After the riots (3)... in the riot van


    Category
    Voices
    Date
    12 September 2011
    Share

    In the third of our "After the riots" series, Andy Paget, the senior police chaplain to Avon & Somerset Police reflects on the role of a chaplain in the middle of the riots conflict.

    We talk in churches about the need to look outside our immediate concerns and to consider how our ministry makes a difference in the world and chaplaincy is one direct way in which many people get involved.

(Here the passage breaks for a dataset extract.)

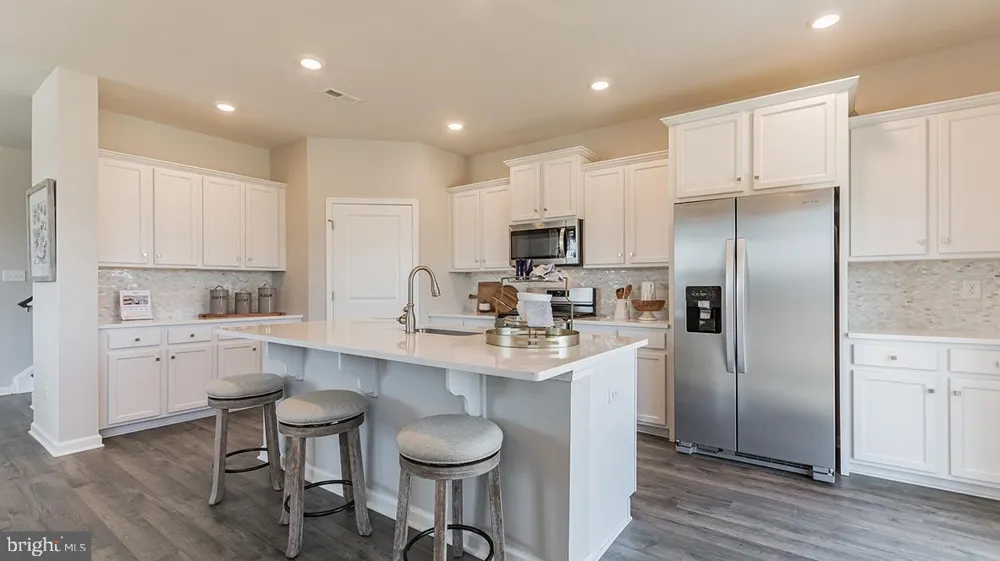 16 NORWICH LANE Moorestown, NJ 08057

    Andy’s reflections remind us of the human dimension so often hidden to the scenes we see on our TV screens and pose real opportunities for us as a Christian community as to how we become a community of wholeness with Christ at the centre

    .

    This particular week began when, on my way home from a Sunday service, I spotted a group of firearms officers in full combat gear and a sergeant from the dog section. I parked my car and put on the necessary body armour. The sergeant recognised me and introduced me to the team leader.

    “Are you the hostage negotiator?” he asked.

    “No”, I replied, willing but unqualified. Happily the incident came to a non-violent conclusion.

    As Bristol encountered its riots, I had the privilege of accompanying some of the response teams. I spent much of Tuesday night in a support vehicle with six dogs and seven handlers.

    By Wednesday morning we’d been deployed on a blue light run to Gloucester. Helmets, shields and pads were donned and the chatter faded into silence as we approached our destination. As Gloucester settled down, we were on standby to assist Birmingham, but this was not to be and we returned to Bristol at a more respectable speed.

    Beneath the riot gear, the helmets, the pads, and behind the riot shields are human beings, preoccupied with the current operation, but facing many of the issues and tensions we face: the serious illness of a relative, the untimely death of a young family member, a broken relationship, shrinking finances, an uncertain future. The willingness to share these things during a refreshment break or some other quiet moment highlights for me the special trust we enjoy from people outside our sanctuaries, as we represent the faith communities who nurture and support us.

    On the Saturday night, I was with four response officers looking for a woman who had threatened suicide. We found her distressed but unharmed, and took her to a local station for psychiatric appraisal.

    Early Sunday morning, returning to base, I was told, “It was good to have someone with us who really cares.”

    But don’t be deceived. I find a lot of compassion already there within the police service. Part of our role is to recognise and affirm it.

    The police and police staff who serve and protect our communities live with uncertainty, are often undervalued and are frequently maligned by the press. Let’s pray for them and encourage them, but let’s continue to walk with them through authentic presence ministry.

    Andy Paget

    Senior Chaplain

    Avon & Somerset Police

    Andy Paget is a team member of ISR which has a long history of training and supporting chaplains. Increasingly chaplains are lay volunteers from local churches, wanting to find an opportunity to put their faith to work in the world of work, just being there to support others. ISR has over seventy lay chaplains engaging with workplaces and while most do not experience the sort of drama that Andy Paget is reflecting on, it is the day to day expression of care and concern for others that is the hallmark of the ministry of chaplains.